5. The Unforgettable Fire (1984)
“If I could, through myself, set your spirit free / I’d lead your heart away / See you break, break away.”
— “Bad”
There are precious few fully-formed songs here, but this one punches above its weight because it marked the beginning of U2’s long and frutiful partnership with producers Brian Eno and Daniel Lanois. Eno, having already made classic sequences of albums in the 70s with David Bowie and the Talking Heads, claimed to be a visual artist whose interest in making albums had passed when U2 approached him early in 1984. The combat rock of War was not at all to Eno’s eggheaded taste, and Bono speculated later he had agreed to meet U2 just to make sure his pal Danny got the gig. But U2 won him over with their willingness to scrap all that they’d done before (a trick that would save their career a few years later).

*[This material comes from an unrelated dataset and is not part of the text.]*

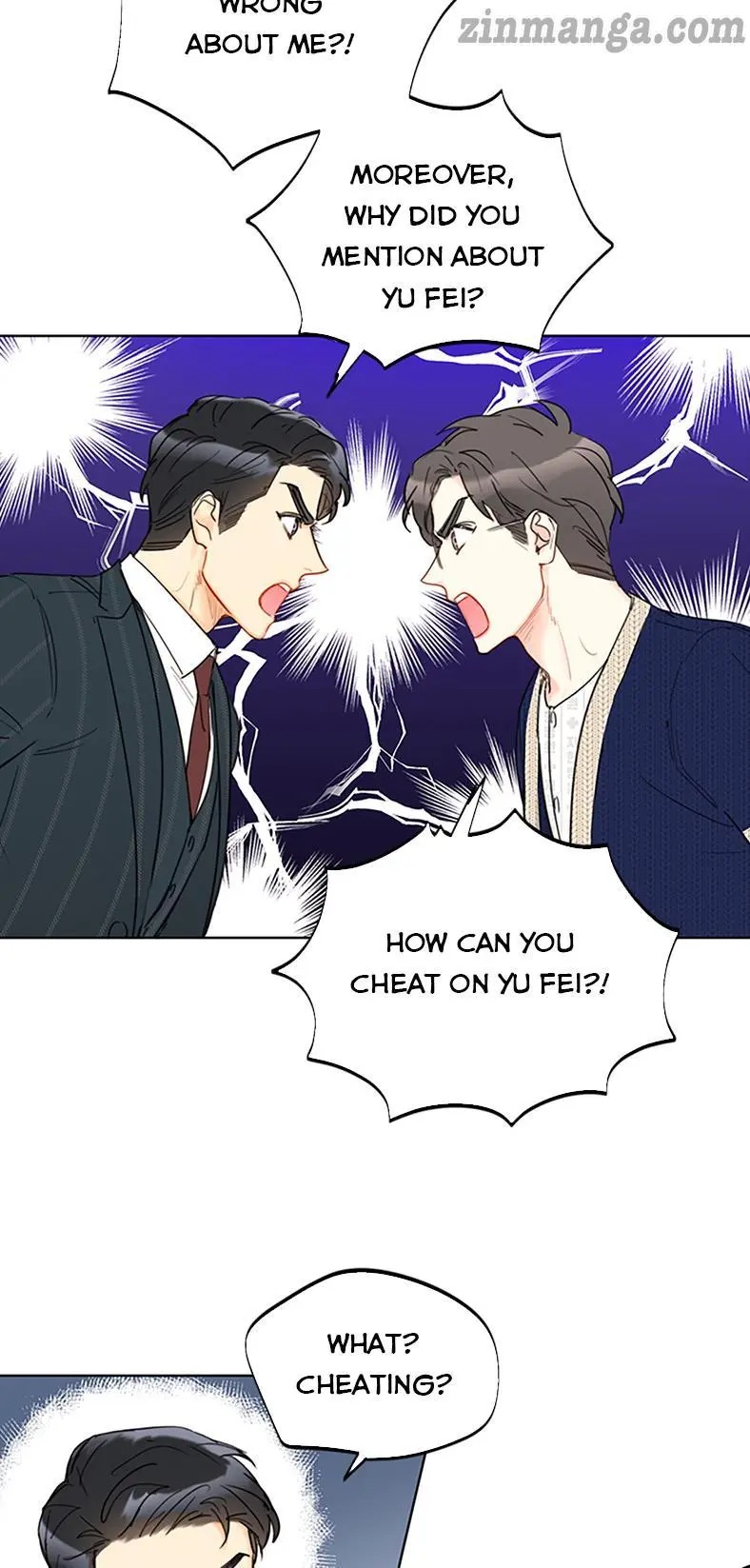I got a date with the president Chapter 125 - page 16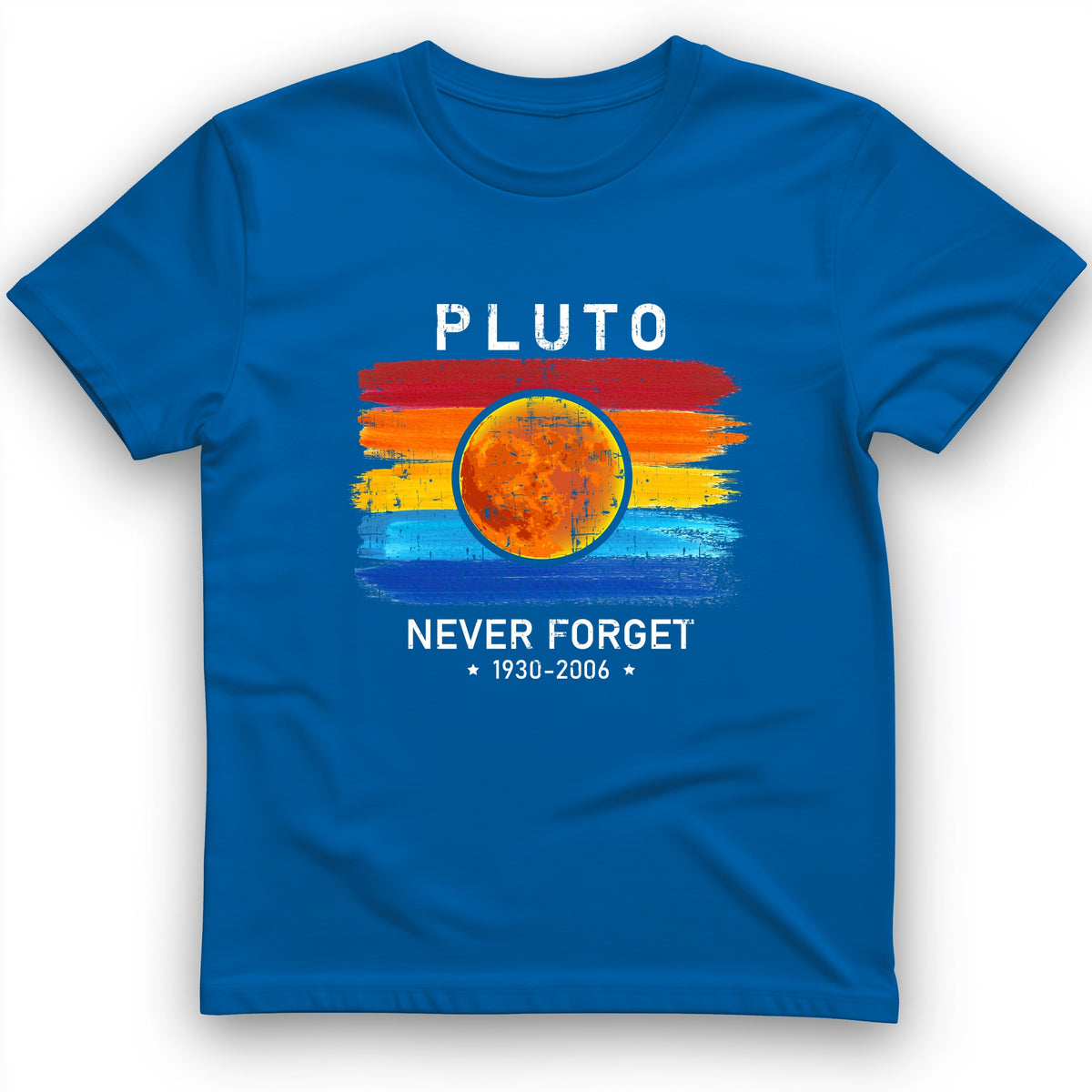 Pluto Never Forget T-Shirt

Eno’s affinity for ethereal soundscapes, and his impatience with Bono’s undisciplined writing habits, are why this has so many hazy instrumentals on it. Everyone forgave U2 those, because The Unforgettable Fire also had “Pride (In the Name of Love)” and the cinematic stream-of-consciousness “Bad,” two of their enduring warhorses. You can hear Bono shredding his vox on the choruses of “Pride,” which gives the song — about Martin Luther King, Jr. and other martyrs — an extra shot of urgency while foreshadowing the severe vocal distress he’d run into a decade or so later.
U2 are playing the title track on the current 360 Tour after a 20-year absence from the setlist. The name is cribbed from a photo exhibit Bono saw in Chicago about the aftermath of the atomic bombings of Hiroshima and Nagasaki that forced the Japanese surrender in World War II. Who says these guys don’t know how to have a good time?